Since 2013, Dillon has acted as a master weaver of the mix, the edit, the collage – emerging from time to time with a DJ mix or twelve-inch, or a split with Karen Gwyer, or through her work with Rupert Clervaux. Her mixtape for RVNG Intl., RVNG Intl. at 15: Beatrice Dillon Selects / Dissects, is a masterwork in restraint, proving she knows when to layer and manipulate loops and when to let a track ride out unaltered. There’s a very special moment about midway through the first side of the tape where Dillon drops the Sun Araw, M. Geddes Gengras, and The Congos track ‘Invocation’ – all tabla drums and celestial chimes – against the free jazz weirdness of Hieroglyphic Being and J.I.T.U Ahn-Sahm Buhl’s ‘Brain Damage’ straight on to the stomp and clap of Kassem Mosse’s remix of Stellar OM Source’s ‘Elite Excel’. This kernel – exposing the ley lines between contemporary Rasta rhythms, experimental jazz, and club-based polyrhythms – could be a perfect mood board foreshadowing the distillation of influence-not-mimicry that forms the backbone of Workaround.

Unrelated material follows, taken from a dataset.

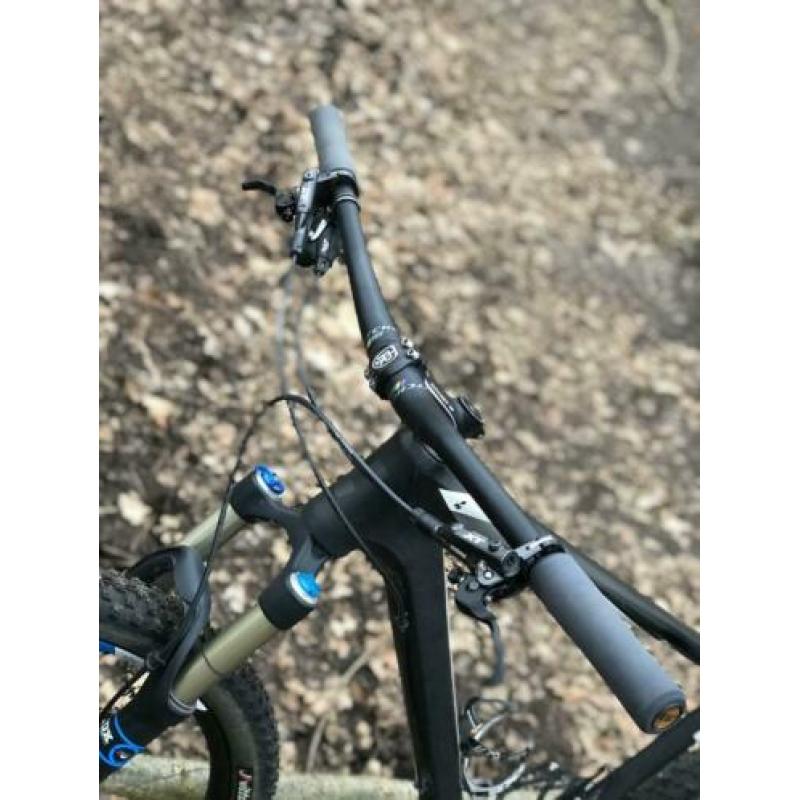 Cube Reaction Pro 29er FULL CARBON Mountainbike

Perhaps one last textile-based analogy before the close. The practice of playing cat’s cradle is at once a game, a non-verbal language, and a way to create abstractions of animals or meaningful patterns. In some cultures, these string networks have a place in magical rituals. A single loop of twine becomes a mutable, shared instrument for storytelling. Workaround features a heady combination of interlocking collaborators playing out alongside the genres that have become embedded in Dillon’s internal library through years working as an “intuitive DJ”. As the tracks fold and unfold upon themselves, it is a little like experiencing the magical progression of string figures blooming into new arrangements as the loop passes between hands of other players. One thing leads to another – these tracks feel like questions wrapped within answers, pegged from one finger to the next. It’s a bit heartbreaking when the game collapses in on itself at the end, leaving you wanting more. But that last track, ‘Workaround 10’, ends a record fully itself, fully alive. A deep bass heartbeat with a prescient murmur fades out, implying much more to come.